**WHAT THE TASK REQUIRES:** In the copy, keep every word of the data below and none of its pictures.

**DATA EXCERPT:**
= = =

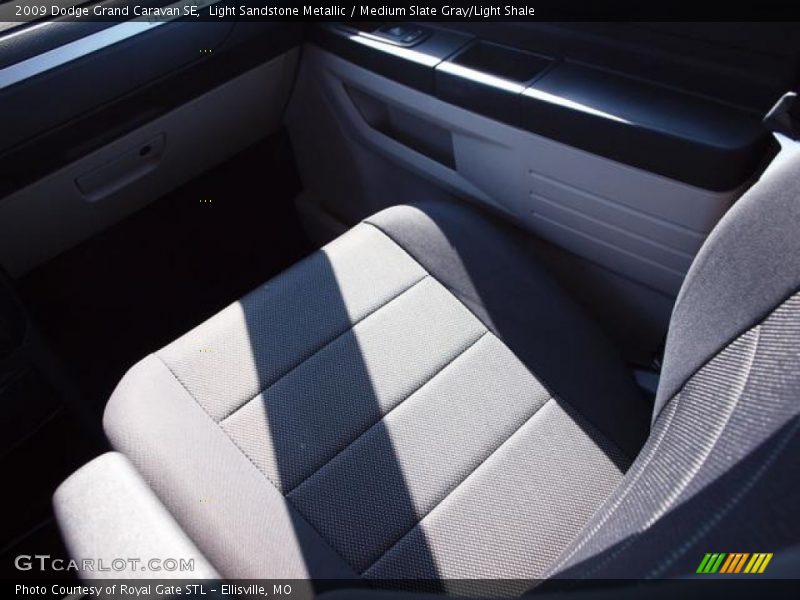 Light Sandstone Metallic / Medium Slate Gray/Light Shale 2009 Dodge Grand Caravan SE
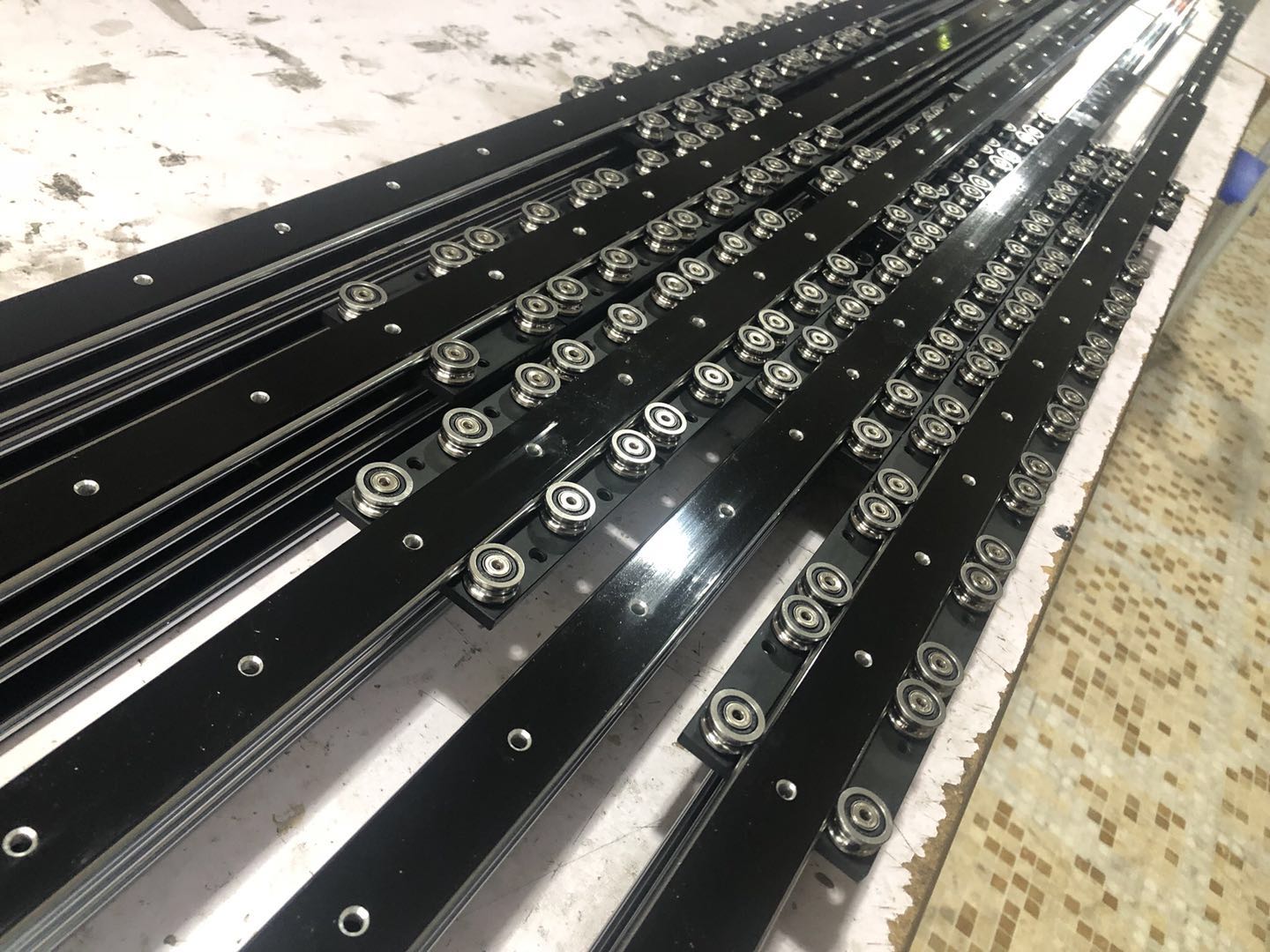 35宽双轴心OSGR35-4高档静音家私厨具珠宝专柜展柜装饰路轨厂家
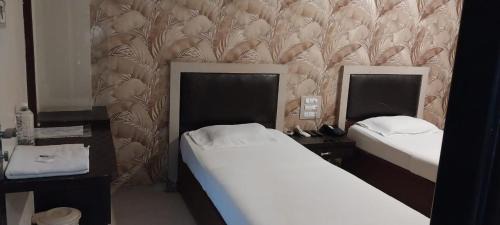 Ahmednagar Hotel | Hotel Shades of Royal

= = =

**SOLUTION FOR THIS PROBLEM:**
 Light Sandstone Metallic / Medium Slate Gray/Light Shale 2009 Dodge Grand Caravan SE
 35宽双轴心OSGR35-4高档静音家私厨具珠宝专柜展柜装饰路轨厂家
 Ahmednagar Hotel | Hotel Shades of Royal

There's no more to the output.